My new suit lay on the bed, but I was in my underpants, finishing off the pint.

Then I decided that another libation was required, so I put on the new suit and went down in the lift.

But I landed accidentally on the middle floor where a GAA dinner dance was in full swing, and I was already tight from the first pint so I thought I’d pop in and have a look around.

The young women were radiant in long dresses and the boys circled them like nervous whippets with awkward gangling bodies, and oily hair. I felt like Oisin; an old man among the young.

But as I was about to order a pint at the bar two women came over to me and said, “Do you realise this is a private party? You need to pay at the door.”

I turned around and saw a lady sitting at the door with a small cardboard box collecting money.

So I apologised and fled.

“That’s a fine new suit,” one of the women shouted after me.

“How do you know it’s new?” I wondered.

“The label is still stuck to the arse of it,” she said.

But I didn’t bring the suit to Warsaw because I thought I’d need fleece tops and leg warmers and heavy cord trousers.

What frightens me about Carrefour in Warsaw is the number of security men that patrol the mall just beyond the checkouts

I arrived with a case load of woollen underpants and thermal vests and a variety of insulated jackets that a person might require on the back-end of a high mountain. Except that Warsaw was enjoying mild weather. The apartment toasted my bones so well that I could walk around half naked, and when I went out wearing all my thermal underwear I got far too hot.

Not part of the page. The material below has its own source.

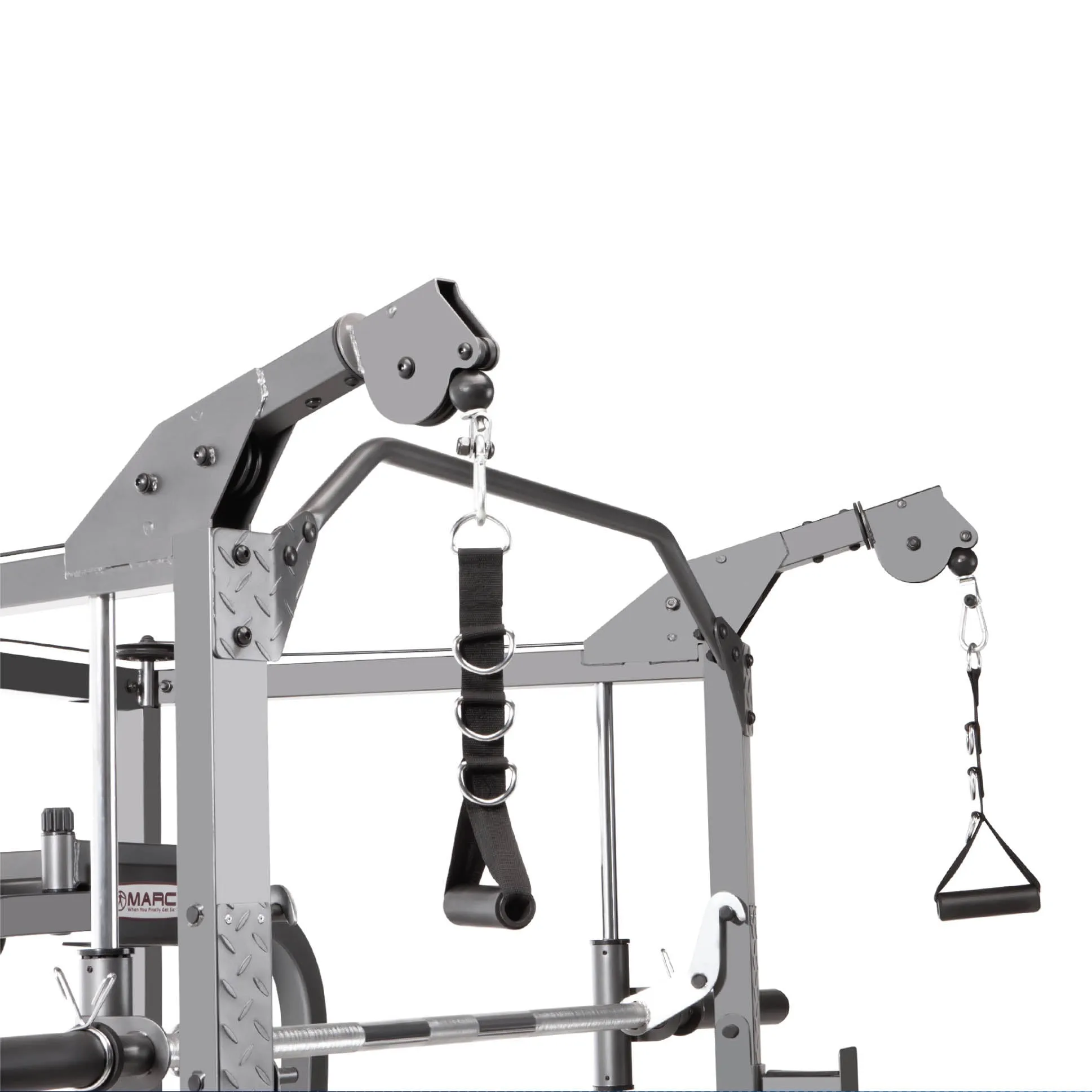 Marcy SM4008 Deluxe Smith Machine with Adjustable Weight Bench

I’ve been here during previous winters when the temperature was so far below zero that it was painful to inhale on the open street, without a scarf to mask my mouth. But this year I can sit on park benches and enjoy the sunshine. So eventually I headed for the Carrefour supermarket to buy a few light briefs and vests.

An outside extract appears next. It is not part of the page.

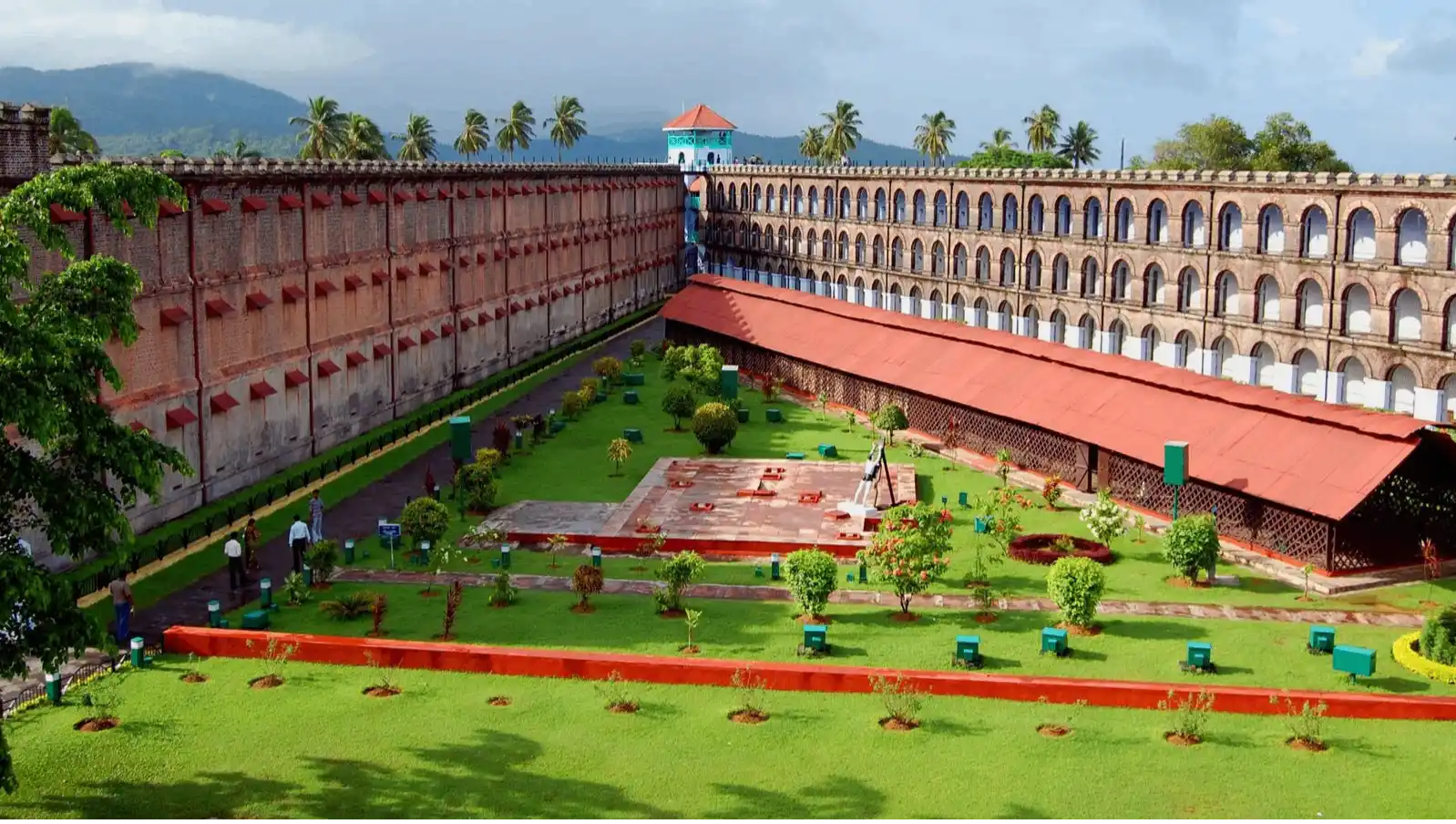 Cellular Jail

What frightens me about Carrefour in Warsaw is the number of security men that patrol the mall just beyond the checkouts. And since I hadn’t shaved or manicured for three months I wasn’t surprised when I was stopped. Although I had the receipt in my breast pocket, and as the security man scrutinised it with the gravity of a border guard on the Ukraine frontier I caught sight of my bedraggled self in a wall mirror, and I could only regret once again, that I left such a lovely suit behind in Ireland.